DATASET EXTRACT>
═══
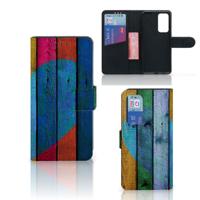 Huawei P40 | Book Style Case | Wood Heart - Cadeau voor je Vriend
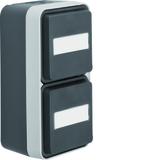 BERKER W.1 Gniazdo SCHUKO 2P+Z podwójne pionowe z polem opisowym kompletne IP55 szary 47703535 HAGER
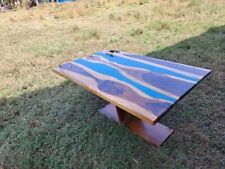 Custom Made Epoxy Resin Dining Top Table Natural Acacia Wooden Home Decors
═══
EXERCISE INSTRUCTIONS>
Give back the whole listing as it stands, minus its pictures.

OUTPUT BELOW>
 Huawei P40 | Book Style Case | Wood Heart - Cadeau voor je Vriend
 BERKER W.1 Gniazdo SCHUKO 2P+Z podwójne pionowe z polem opisowym kompletne IP55 szary 47703535 HAGER
 Custom Made Epoxy Resin Dining Top Table Natural Acacia Wooden Home Decors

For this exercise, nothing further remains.